WHAT IS BEING ASKED:
Please set down only the lines below starting with the line with "Circaea canadensis image" and going on through the line with "Deadheading Hardy Perennials", verbatim and without pictures.
-- SOURCE INFORMATION follows --
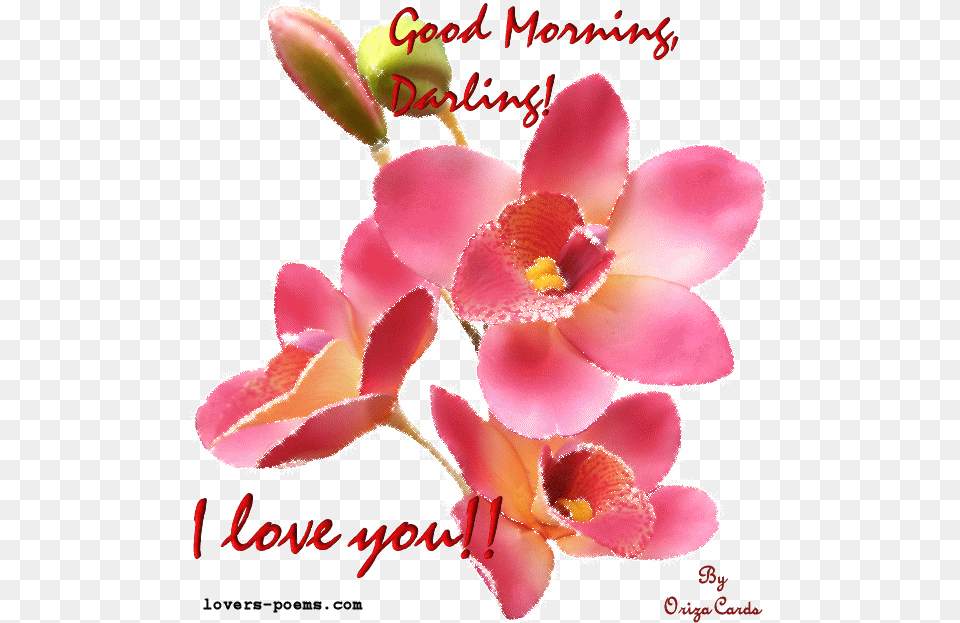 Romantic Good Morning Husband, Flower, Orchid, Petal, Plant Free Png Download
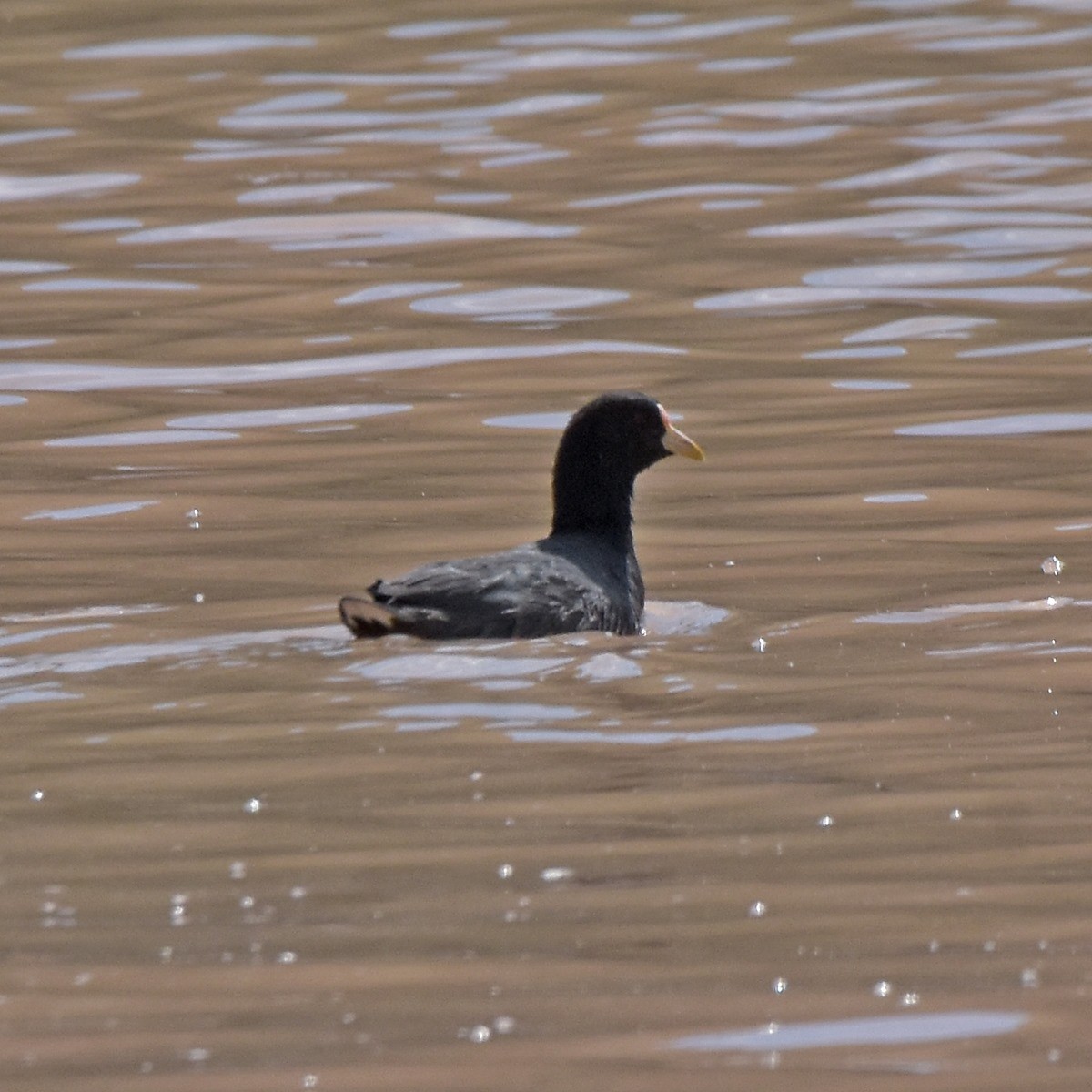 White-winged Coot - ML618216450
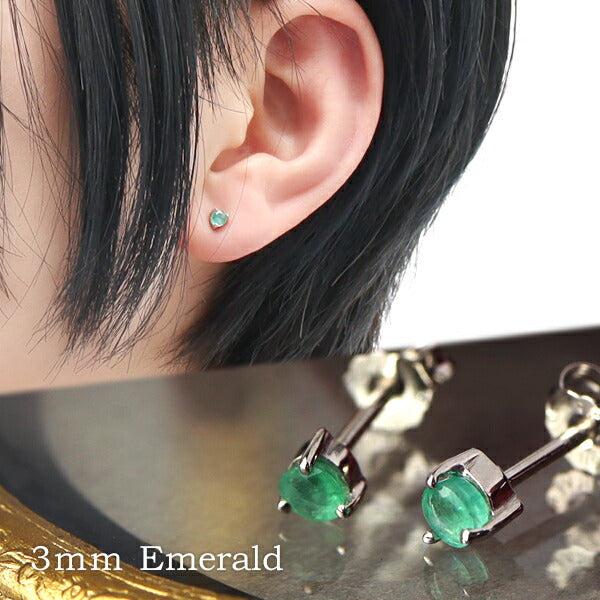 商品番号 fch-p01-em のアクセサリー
-- SOURCE INFORMATION concluded --
-- SOURCE INFORMATION follows --
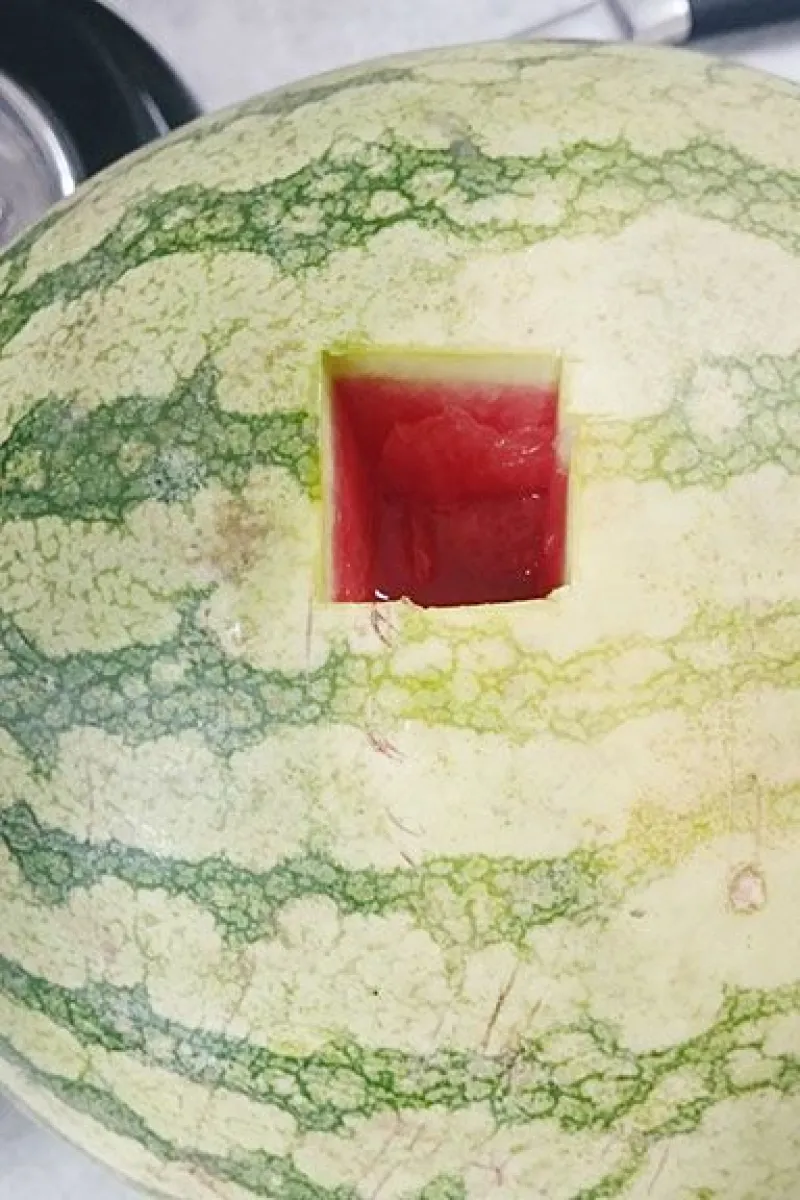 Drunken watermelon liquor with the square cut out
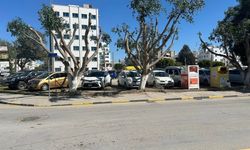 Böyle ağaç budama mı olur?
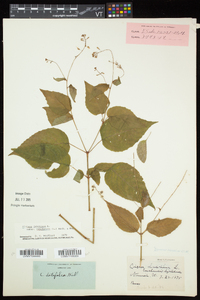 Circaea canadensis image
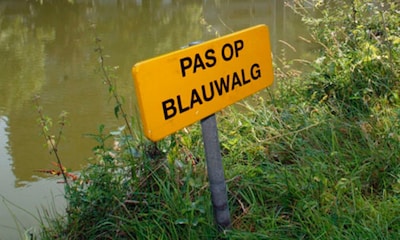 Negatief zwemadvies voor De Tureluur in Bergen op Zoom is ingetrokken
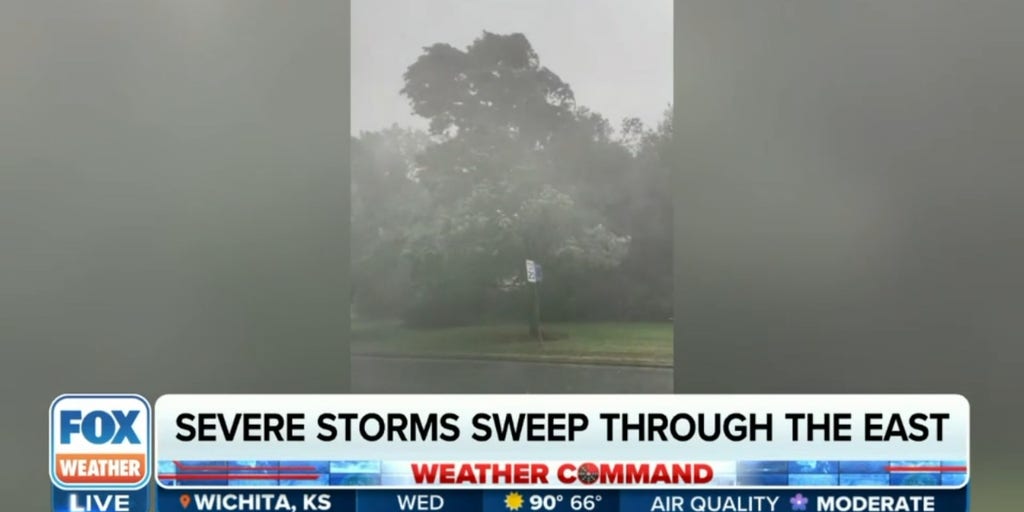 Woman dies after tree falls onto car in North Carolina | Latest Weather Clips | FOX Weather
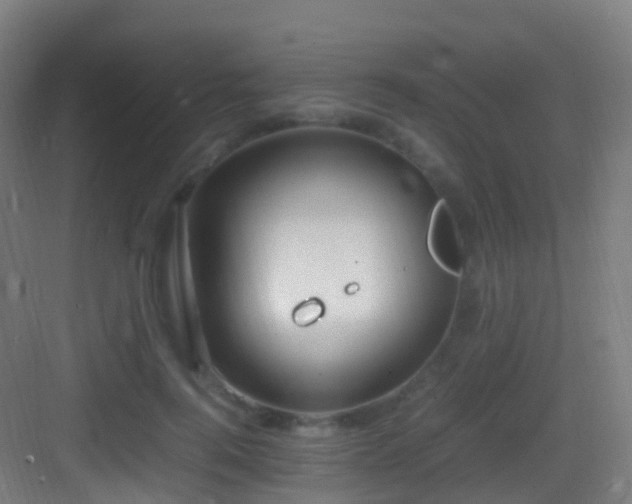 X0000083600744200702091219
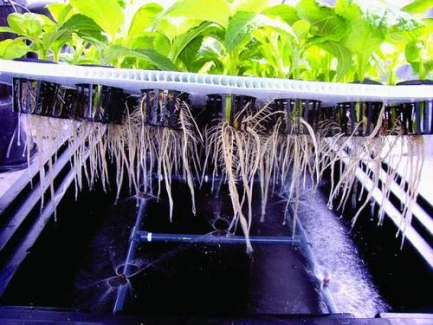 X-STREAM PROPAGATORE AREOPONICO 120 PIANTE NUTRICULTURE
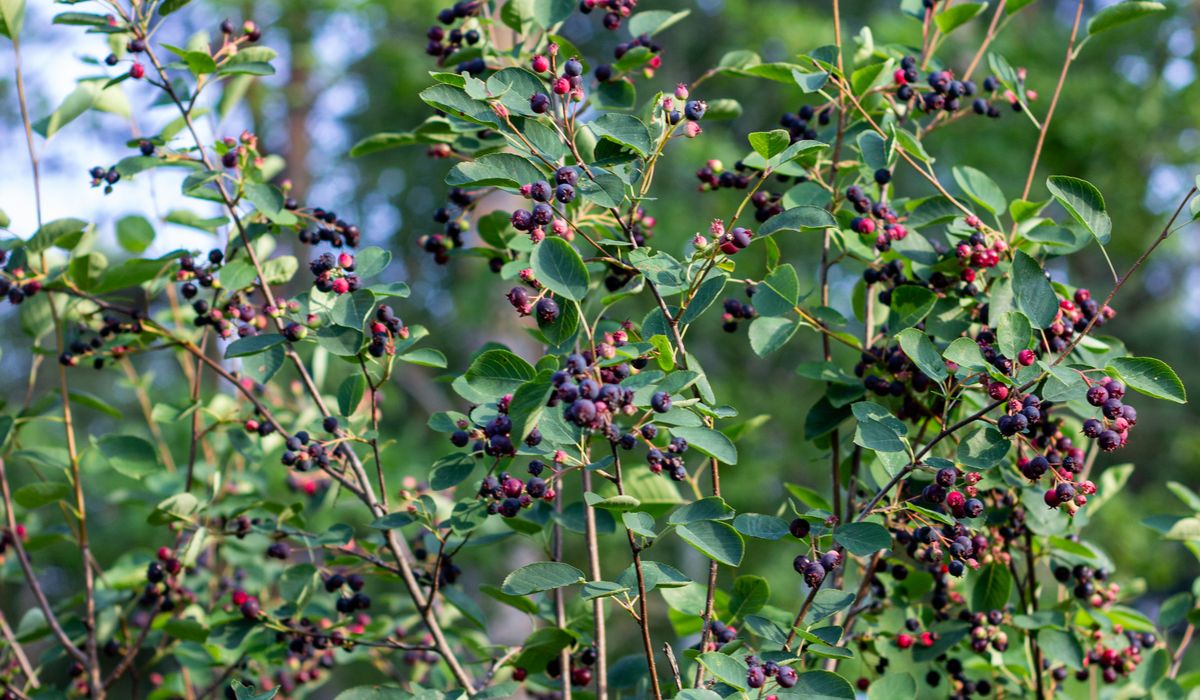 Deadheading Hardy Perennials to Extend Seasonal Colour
-- SOURCE INFORMATION concluded --
-- SOURCE INFORMATION follows --
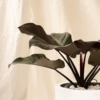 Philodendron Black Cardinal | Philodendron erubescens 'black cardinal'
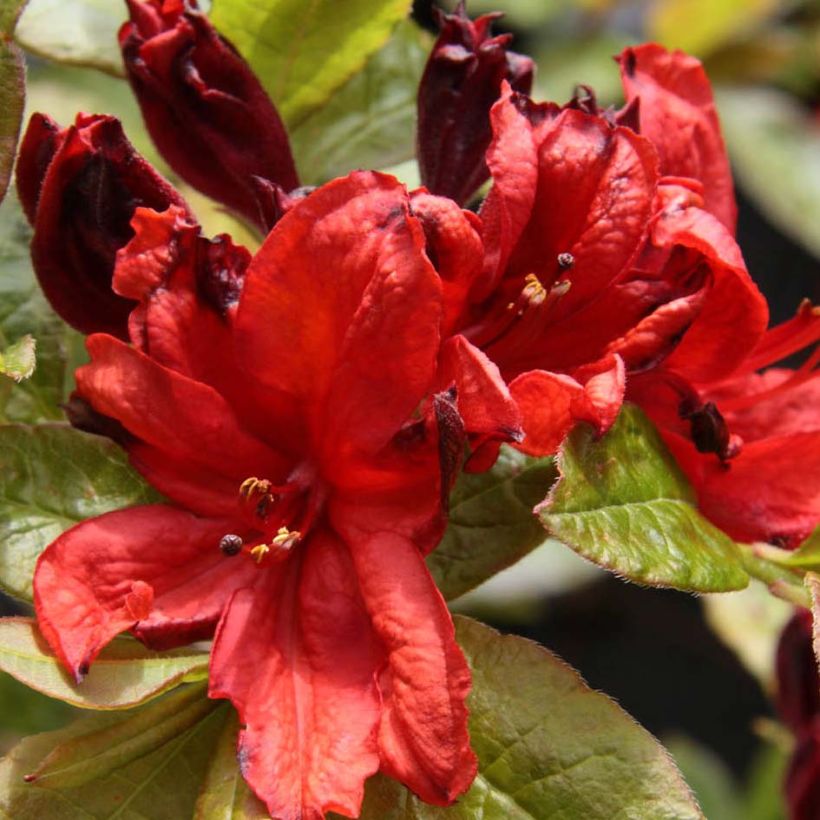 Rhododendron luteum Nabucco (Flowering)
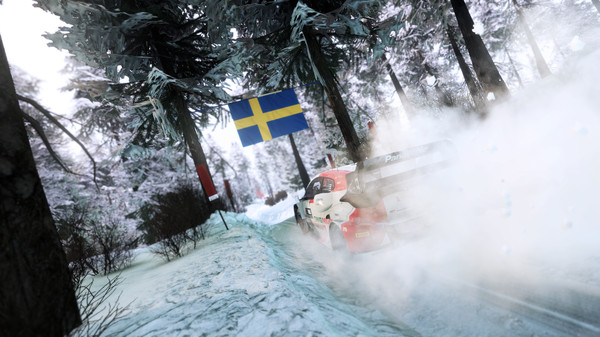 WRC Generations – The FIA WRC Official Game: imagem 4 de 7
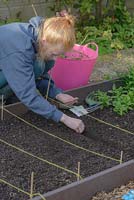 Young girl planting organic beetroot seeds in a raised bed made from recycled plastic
-- SOURCE INFORMATION concluded --
EXERCISE SOLUTION:
 Circaea canadensis image
 Negatief zwemadvies voor De Tureluur in Bergen op Zoom is ingetrokken
 Woman dies after tree falls onto car in North Carolina | Latest Weather Clips | FOX Weather
 X0000083600744200702091219
 X-STREAM PROPAGATORE AREOPONICO 120 PIANTE NUTRICULTURE
 Deadheading Hardy Perennials to Extend Seasonal Colour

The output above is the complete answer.